Diabetics generally suffer from poor blood circulation, which means their sense of touch or pain sensitivity can be greatly compromised. For instance, a simple sore caused by a rubbing shoe or a cut can easily go unnoticed and become worse. One in four diabetics will have a foot ulcer, i.e. an open sore in their lifetime, which can easily become infected. If left untreated, these infections can spread and kill soft tissue and bone, which means that the dead and infected tissue needs to be surgically removed, and in severe cases, this means amputation of the toe, foot, or even part of the leg. Almost 80% of all non-traumatic amputations are performed in people with diabetes, and 85% of these amputations start with an open foot sore.

“Lower extremity amputation takes a terrible toll on the diabetic patient. People who have had a foot amputated often can no longer walk, their occupational and social opportunities shrink, and they often become depressed and are at significant risk for a second amputation. Clearly, preventing amputations is vital, and in most cases, possible.”

The guidelines highlight the importance for a rapid and appropriate treatment of infected wounds on the lower extremities. For instance, surgically removing (debridement) dead tissues, administering proper antibiotics and, wherever required, alleviating pressure on the wound and restoring blood flow to the area. Solely prescribing antibiotics for diabetics with foot infections, as is often the case, often proves insufficient if the wound is not also properly cared for, including surgical interventions.

The new guidelines feature 10 common questions health care providers may encounter when considering treatment options for a diabetic patient with a foot wound, to which the IDSA panel of experts has written a comprehensive answer based on extensive evidence. For instance, the first step is establishing whether the wound is infected. The guidelines state that a sign of infection includes at least two of the following symptoms: redness, tenderness, warmth, pain or swelling. Around 50% of ulcers are not infected and therefore do not require antibiotic therapy, unlike those in which an infection has been diagnosed, whilst individuals with a severe infection should be referred for immediate hospitalization.
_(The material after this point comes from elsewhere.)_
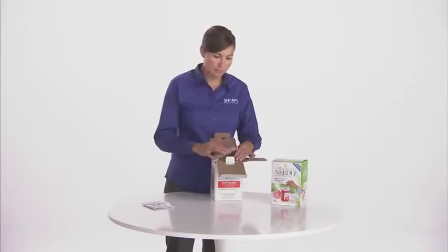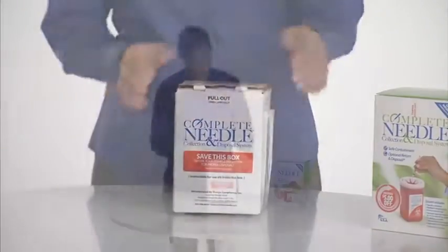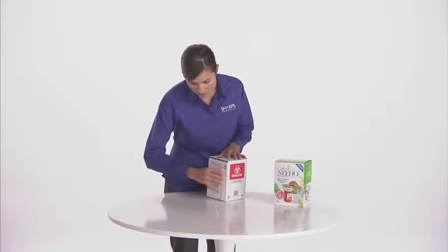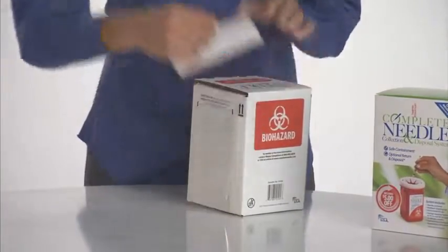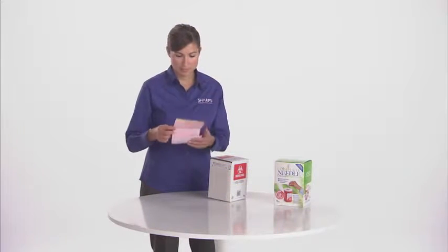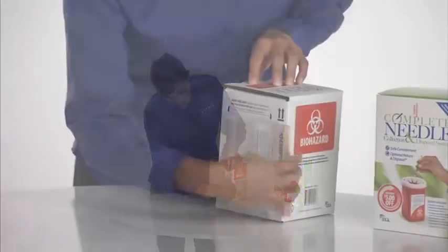Place the container back in the plastic bag lined return shipping box. Now simply close the numbered flaps. Secure the tab and tape. Remove and complete the tracking document — it's located in a plastic zip bag on the outside of the pre-approved return shipping box. Complete the top generator section, then remove the bottom copy and keep it for your records.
Diabetics with infected foot ulcers should generally have their foot imaged to determine whether the infection has spread to the bone. Another important treatment aspect is to grow a culture of the bacteria that has caused the infection, as this will assist in choosing the best antibiotics. The guidelines recommend employing a multidisciplinary team due to the complexity of diabetic foot infections, which includes infectious diseases specialists, surgeons, podiatrists and orthopedists. Dr. Lipsky noted that doctors in rural areas could potentially use telemedicine in order to consult with the necessary experts.
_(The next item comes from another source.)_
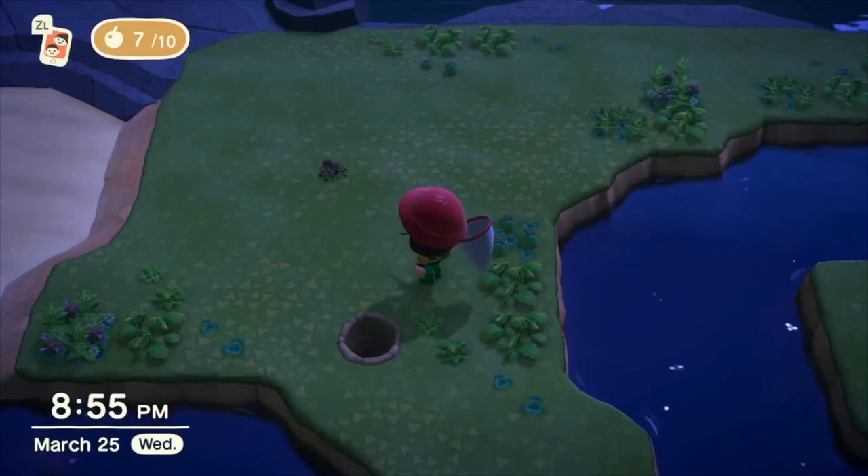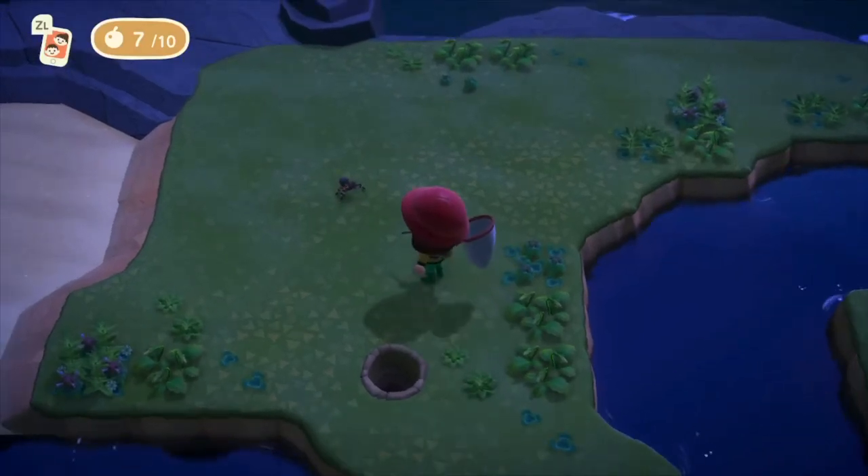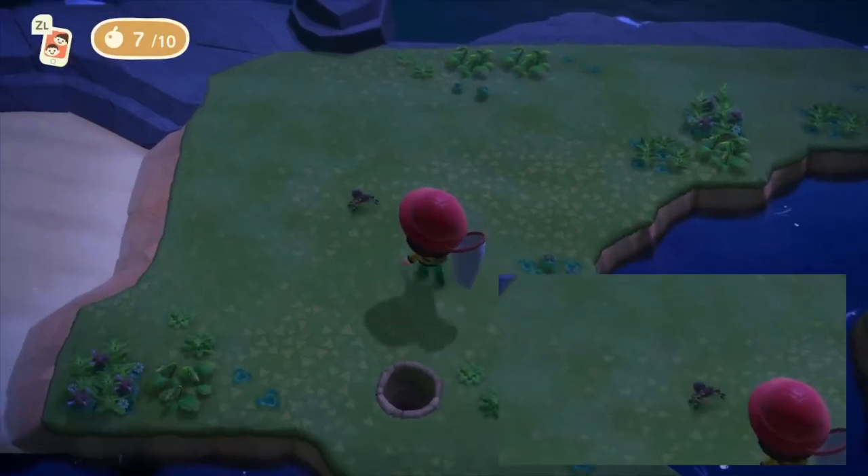Hello Animal Crossing friends! This is a short video on how to catch a tarantula. Since I did have to look it up myself, I kept getting bit.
“There is quite a bit of over-prescribing or inappropriate prescribing of antibiotics for diabetic foot wounds, which doesn’t help the patient and can lead to antibiotic resistance. The guidelines note that when antibiotics are necessary they should be discontinued when the infection is gone, even if the wound hasn’t completely healed.”

The voluntary guidelines have been developed to support doctors in their decision-making for each individual patient given that all patients’ circumstances are different.

IDSA has developed over 50 treatment guidelines for various conditions and infections, which range from HIV/AIDS to Clostridium difficile. All IDSA guidelines will be available in smart phone format and as a pocket-sized quick- reference edition.